If CES concept cars are any reliable indication, the automobile interior is going to have a load of digital screen space in the future. Whether we're talking about the array of large displays in fully autonomous concepts like the 2015 Mercedes F 015 or the touchscreen controls of the 2015 VW Golf R Touch, concept car designers are showing little restraint in packing the car cabin with digital displays. Bosch's all-new, all-flashy CES 2016 show car offers yet another take on digital screen overload, presenting the driver with a full-length digital dashboard that bleeds into the doors and center console.

Bosch's concept catches the eye from both inside and out. Though Bosch's press release makes no mention of it, its new design, which appears unnamed beyond "show car," is quite clearly an open version of the 2015 EDAG Light Cocoon (you can see EDAG's logo at the rear). That illuminated, trellis-framed body is sure to attract its fair share of foot traffic to Bosch's CES booth, even before people know what it is they're looking at.
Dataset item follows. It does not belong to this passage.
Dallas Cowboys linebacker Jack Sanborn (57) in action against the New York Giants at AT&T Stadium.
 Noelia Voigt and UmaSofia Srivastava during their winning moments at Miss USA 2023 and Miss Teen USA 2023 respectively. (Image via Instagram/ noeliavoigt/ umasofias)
The EDAG Light Cocoon concept at the 2015 Geneva Motor Show(Credit: C.C. Weiss/Gizmag)

What it is that you're looking at in the Bosch car has little to do with its sensational exterior architecture and everything to do with its digital interior. Bosch has created a fully digital dashboard, a display-based central console, and left and right side displays that seem perfect for the role of electronic side-view "mirrors."

Bosch's digital cockpit supports the automobile's evolving role from basic people mover to smart, connected copilot and personal assistant. The advanced display system provides relevant, real-time information about vehicle surroundings, navigation and more. Bosch explains that the car can use its displays to warn the driver of an approaching pedestrian while simultaneously processing information about the driver's upcoming appointments and routing thereto.

A big theme at this year's CES is the movement of the car beyond the road and driveway into other aspects of everyday life, including the home. Like Ford, Bosch sees plenty of potential in connecting smart car to smart home, and it imagines the driver performing tasks like in-home climate control, appliance operation and security system monitoring from within the digital cockpit. It also gives the example of the driver remotely accepting a home package delivery with the tap of an in-car touchscreen.

Whether or not cars of the future have entire dashboards and door panels built from digital displays, drivers will almost certainly benefit from new, improved touchscreens on the commute. Bosch has earned a CES 2016 Innovation Award for its own new, improved touchscreen design, which generates multiple haptic textures, allowing one to feel for the menus he or she is looking for. Bosch says the display looks like your average touchscreen, but in place of a smooth, uniform surface, rough, smooth and patterned areas denote different options like navigation and radio. The different textures help drivers find and change specific in-vehicle settings without pulling their eyes off the road.

Bosch is also showcasing a cloud-based wrong-way driver alert system that analyzes anonymized vehicle movement data to quickly identify vehicles driving against the direction of travel. The system is designed to alert both the driver in question and surrounding drivers within seconds. Bosch plans to launch this cloud-based software service later this year and says that it can be easily rolled into existing apps and infotainment systems.

So what do you think of Bosch's vision of the display-packed connected car as a personal assistant, home guardian and remote control?